This Current Report on Form 8-K is not a proxy statement or solicitation of a proxy, consent, or authorization with respect to any securities or in respect of the planned business combination between Altus and CBAH (the “Business Combination”) and the other transactions contemplated by the business combination agreement entered into by Altus and CBAH (the “Business Combination Agreement”) and shall neither constitute an offer to sell or the solicitation of an offer to buy any securities, nor shall there be any sale of securities in any jurisdiction in which the offer, solicitation or sale would be unlawful prior to the registration or qualification under the securities laws of any such jurisdiction.

Participants in the Solicitation

CBAH, Altus and certain of their respective directors and officers may be deemed participants in the solicitation of proxies of CBAH’s stockholders with respect to the approval of the Business Combination. Information regarding CBAH’s directors and officers and a description of their interests in CBAH is contained in the Registration Statement and the definitive proxy statement/prospectus.

Forward Looking Statements

This report contains “forward-looking statements” within the meaning of the “safe harbor” provisions of the Private Securities Litigation Reform Act of 1995. Forward-looking statements may be identified by the use of words such as “anticipate”, “believe”, “could”, “continue”, “expect”, “estimate”, “may”, “plan”, “outlook”, “future” and “project” and other similar expressions that predict or indicate future events or trends or that are not statements of historical matters. These statements, which involve risks and uncertainties, relate to analyses and other information that are based on forecasts of future results and estimates of amounts not yet determinable and may also relate to CBAH’s and Altus’ future prospects, developments and business strategies. In particular, such forward-looking statements include statements concerning the timing of the business combination, the business plans, objectives, expectations and intentions of CBAH once the Business Combination and the other transactions contemplated thereby and change of name are complete (“New Altus”), and New Altus’ estimated and future results of operations, business strategies, competitive position, industry environment and potential growth opportunities. These statements are based on CBAH’s or Altus’ management’s current expectations and beliefs, as well as a number of assumptions concerning future events.

Such forward-looking statements are subject to known and unknown risks, uncertainties, assumptions and other important factors, many of which are outside CBAH’s or Altus’ control, that could cause actual results to differ materially from the results discussed in the forward-looking statements.

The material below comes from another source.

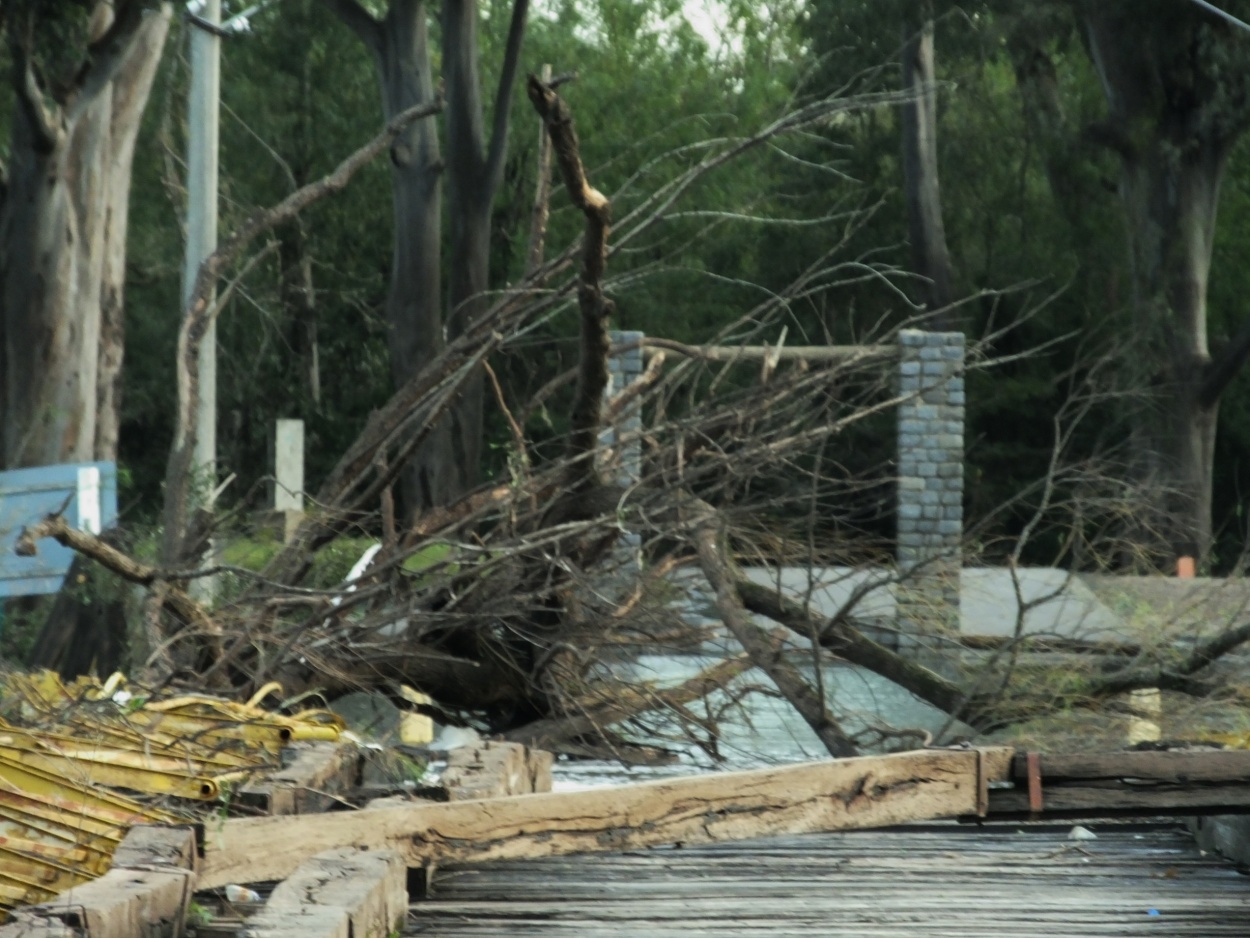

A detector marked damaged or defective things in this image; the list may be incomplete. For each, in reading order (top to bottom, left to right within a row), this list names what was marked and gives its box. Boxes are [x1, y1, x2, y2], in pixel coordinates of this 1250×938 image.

These risks, uncertainties, assumptions and other important factors include, but are not limited to: (1) the occurrence of any event, change or other circumstances that could give rise to the termination of the Business Combination Agreement; (2) the inability to complete the Business Combination due to the failure to obtain approval of the stockholders of CBAH or Altus or other conditions to closing in the Business Combination Agreement; (3) the ability of New Altus to meet the NYSE’s listing standards (or the standards of any other securities exchange on which securities of the public entity are listed) following the business combination; (4) the inability to complete the private placement of common stock of CBAH to certain institutional accredited investors; (5) the risk that the announcement and consummation of the Business Combination disrupts Altus’ current plans and operations; (6) the ability to recognize the anticipated benefits of the Business Combination, which may be affected by, among other things, competition, the ability of New Altus to grow and manage growth profitably, maintain relationships with customers, business partners, suppliers and agents and retain its management and key employees; (7) costs related to the Business Combination; (8) changes in applicable laws or regulations and delays in obtaining, adverse conditions contained in, or the inability to obtain necessary regulatory approvals required to complete the Business Combination; (9) the possibility that Altus and New Altus may be adversely affected by other economic, business, regulatory and/or competitive factors; (10) the impact of COVID-19 on Altus’ and New Altus’ business and/or the ability of the parties to complete the Business Combination; (11) the outcome of any legal proceedings that may be instituted against CBAH, Altus, New Altus or any of their respective directors or officers, following the announcement of the Business Combination; and (12) the failure to realize anticipated pro forma results and underlying assumptions, including with respect to estimated stockholder redemptions and purchase price and other adjustments.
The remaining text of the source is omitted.